Skip to main content

Data-Driven Instruction

July 16, 2018

The introduction of the Response to Intervention (RtI) model in school districts means the role of data is more vital than ever. Educators are responsible for administering assessments, collecting data, analyzing data, and determining how to use the results. In schools today, assessment and instruction are closely linked and data-driven instruction is leading the way.

Data analysis provides educators the knowledge of what students know, what they should know, and what can be done to meet academic needs. Through interpretation, the educator makes informed decisions that affect student progress. In our M.Ed. and graduate teacher education programs at Merrimack’s School of Education & Social Policy, we ensure that the educators we teach understand how to use multiple data sources over a period of time to facilitate well-informed instructional decisions. Educators gain experience through hands-on courses using a variety of assessments and data, including:

State and District-Wide Assessments:

  • Results from assessments indicate which students performed at the advanced, proficient, basic, or below basic levels. These results help educators choose student groups, create seating charts, and differentiate instruction.
  • Analysis of test results per period taught guides decisions. If a high number of students scored advanced in a third-period class and a high number of students score basic in period two, an educator asks what is happening differently in period two than three.

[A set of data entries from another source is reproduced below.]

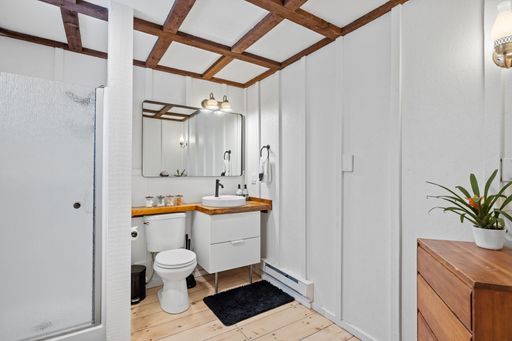A bathroom wooden white interior design featuring a countertop next to a large wall mirror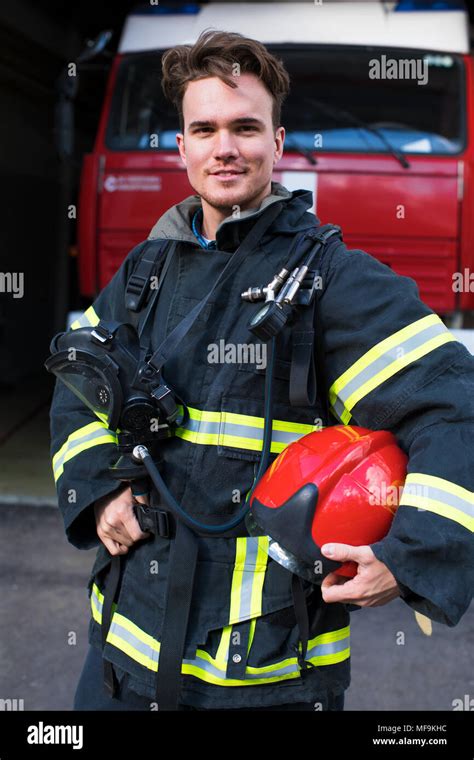 Handsome Young Fireman Holding Fire Hose In Uniform Stock Photo Alamy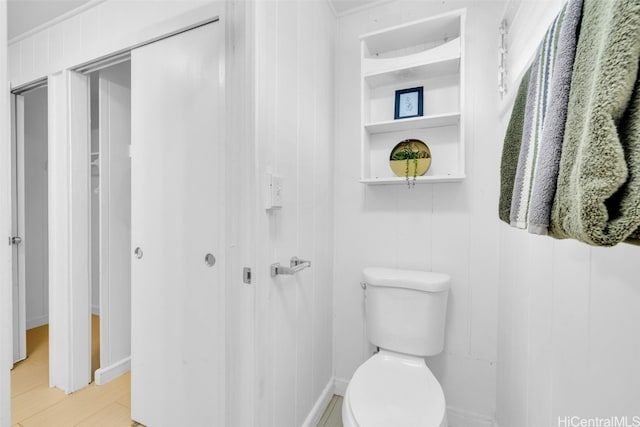 bathroom featuring hardwood / wood-style floors, toilet, and wooden walls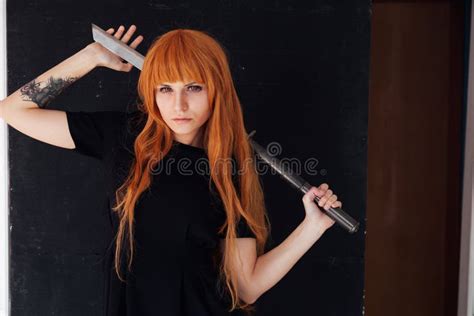 Portrait of a Beautiful Girl with a Japanese Sword Cosplayer Anime ...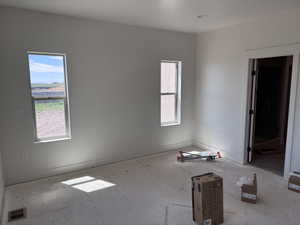 Bright interior room featuring a large doorway, two distinct windows, and recessed lighting
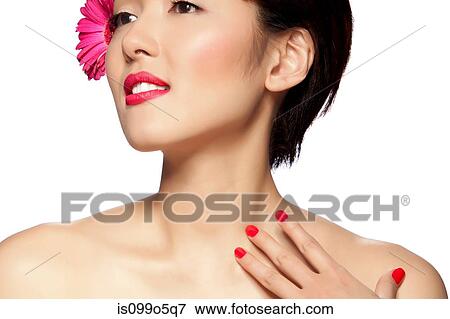 Stock Photo - Young woman wearing pink flower in hair against white background. Fotosearch
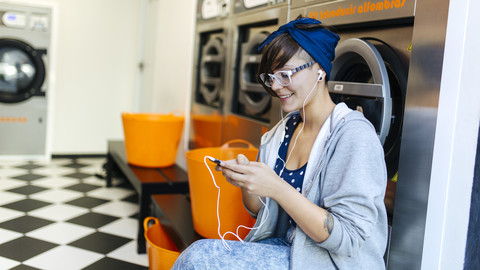 Lächelnde junge Frau hört Musik mit Kopfhörern in einem Waschsalon, lizenzfreies Stockfoto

Adjusting teaching and support as needed is a key outcome of analyzing results like these.
  • Examine how “A” students performed on the test. If the strongest students did not perform well, then ask why. Was the performance possibly due to nerves, distractions in the classroom, etc.? Based on the analysis, an educator takes steps prior to the next test. These include providing a quick review of test strategies for lowering anxiety, taking practice tests, maintaining focus during testing, and more.

Formative Assessments:

  • Quizzes, exit slips, and thumbs up/down quickly assess what students know and what skills still need to be addressed.

Summative Assessments:

  • Essays, end-of-unit exams, and projects measure the growth of individual and whole-group learning. If a large number of students score poorly on summative assessments, educators reflect back on the teaching and make necessary adjustments to the content and/or delivery. This is one of the core functions of data-driven instruction.


  • Observations indicate how well students are making sense of the content, struggling with a learning activity, and interacting with others.
  • Observation data allows educators to adjust pacing for the whole class or to provide scaffolding for those students who are still struggling.

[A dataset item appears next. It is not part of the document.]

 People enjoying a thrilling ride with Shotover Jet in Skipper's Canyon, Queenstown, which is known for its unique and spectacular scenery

Educators collect tremendous amounts of data on students’ attendance, behavior, and performance, but when it comes to improving instruction and learning, it’s not the quantity of the data that counts, but how the information is used (Hamilton et al., 2009). It could be argued as well that it’s the quality of the questions being asked that leads to the strongest uses of data.

In Merrimack’s teacher preparation courses, we provide real-world student assessment data and multi-step projects. M.Ed. students grapple with complexity under the guidance of our faculty who give iterative feedback across assignments. Students immediately apply what they are learning about data-driven instruction in their own classrooms as their understanding of data analysis and data-driven decision-making deepens.